▶ [RECORDS FOR PROCESSING]
....

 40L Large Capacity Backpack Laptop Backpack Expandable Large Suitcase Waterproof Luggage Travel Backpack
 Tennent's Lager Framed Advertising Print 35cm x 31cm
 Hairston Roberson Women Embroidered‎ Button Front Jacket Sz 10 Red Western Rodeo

....

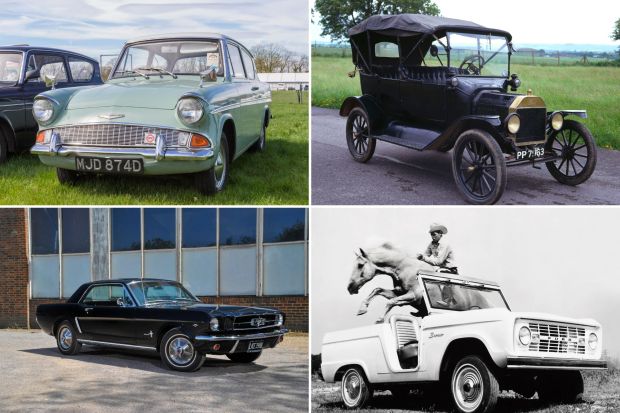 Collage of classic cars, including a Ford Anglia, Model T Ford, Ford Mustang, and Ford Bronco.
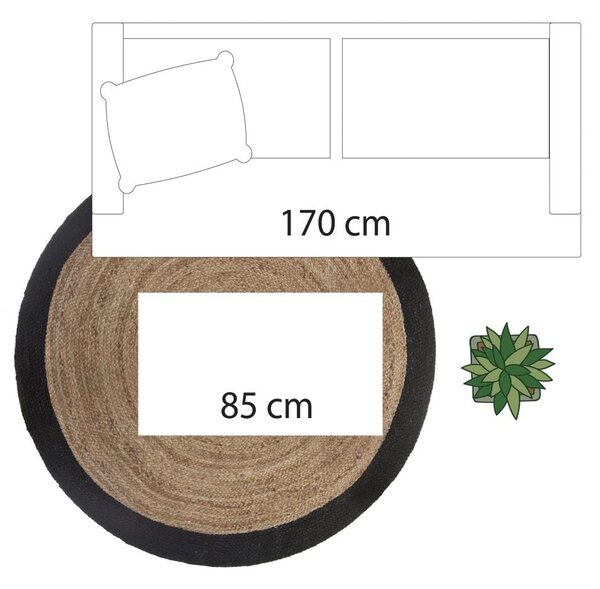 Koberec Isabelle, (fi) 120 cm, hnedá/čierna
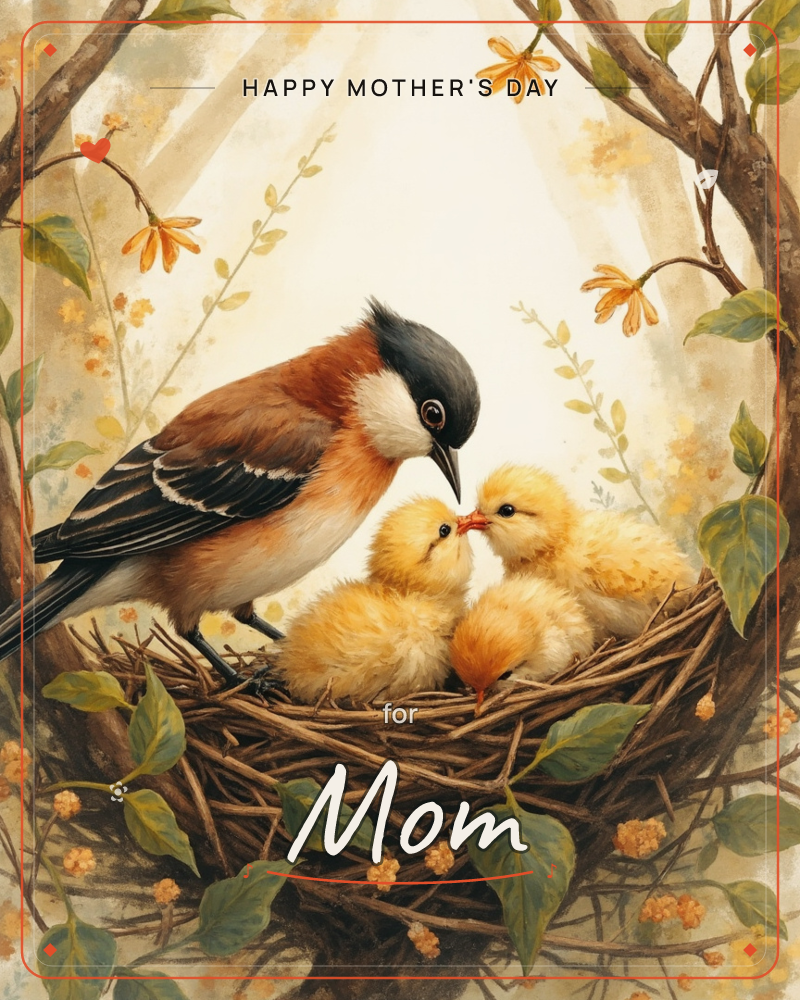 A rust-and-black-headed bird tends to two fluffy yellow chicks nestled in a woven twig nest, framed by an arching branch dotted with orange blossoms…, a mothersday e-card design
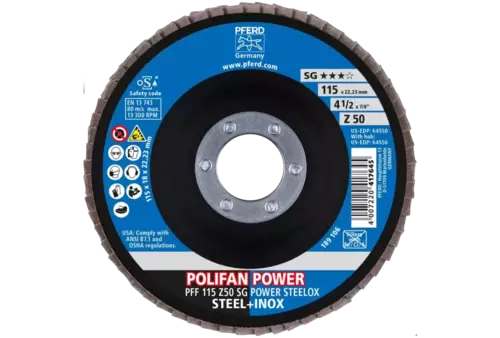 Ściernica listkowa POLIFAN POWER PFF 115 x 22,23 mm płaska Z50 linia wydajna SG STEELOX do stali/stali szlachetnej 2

....

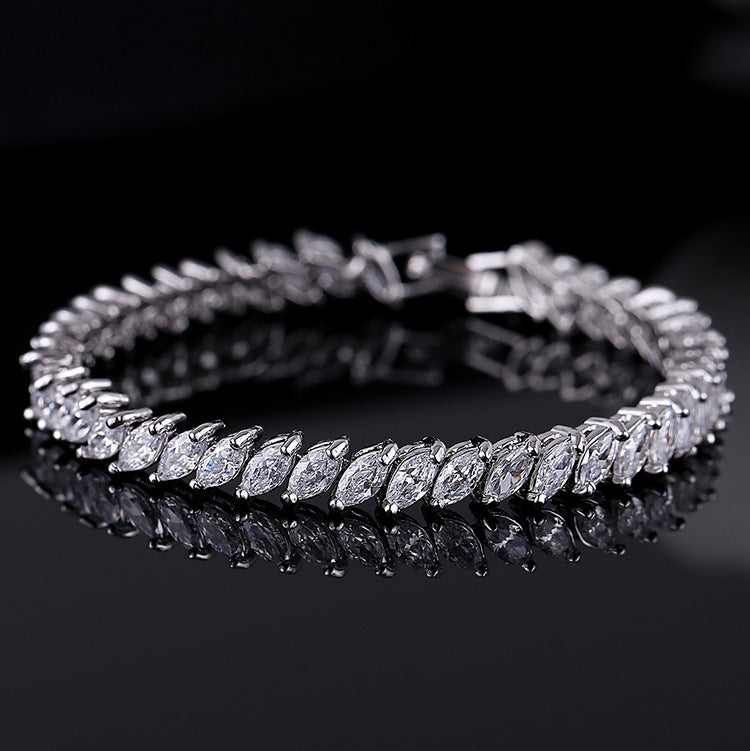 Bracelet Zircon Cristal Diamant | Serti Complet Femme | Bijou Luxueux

....

▶ [DESCRIPTION OF THE TASK]
Print, exactly, each line above from the one with "A rust-and-black-headed bird" to the one with "Ściernica listkowa POLIFAN", end lines included. Leave pictures out of it.

▶ [ANSWER FOR THE TASK]
 A rust-and-black-headed bird tends to two fluffy yellow chicks nestled in a woven twig nest, framed by an arching branch dotted with orange blossoms…, a mothersday e-card design
 Ściernica listkowa POLIFAN POWER PFF 115 x 22,23 mm płaska Z50 linia wydajna SG STEELOX do stali/stali szlachetnej 2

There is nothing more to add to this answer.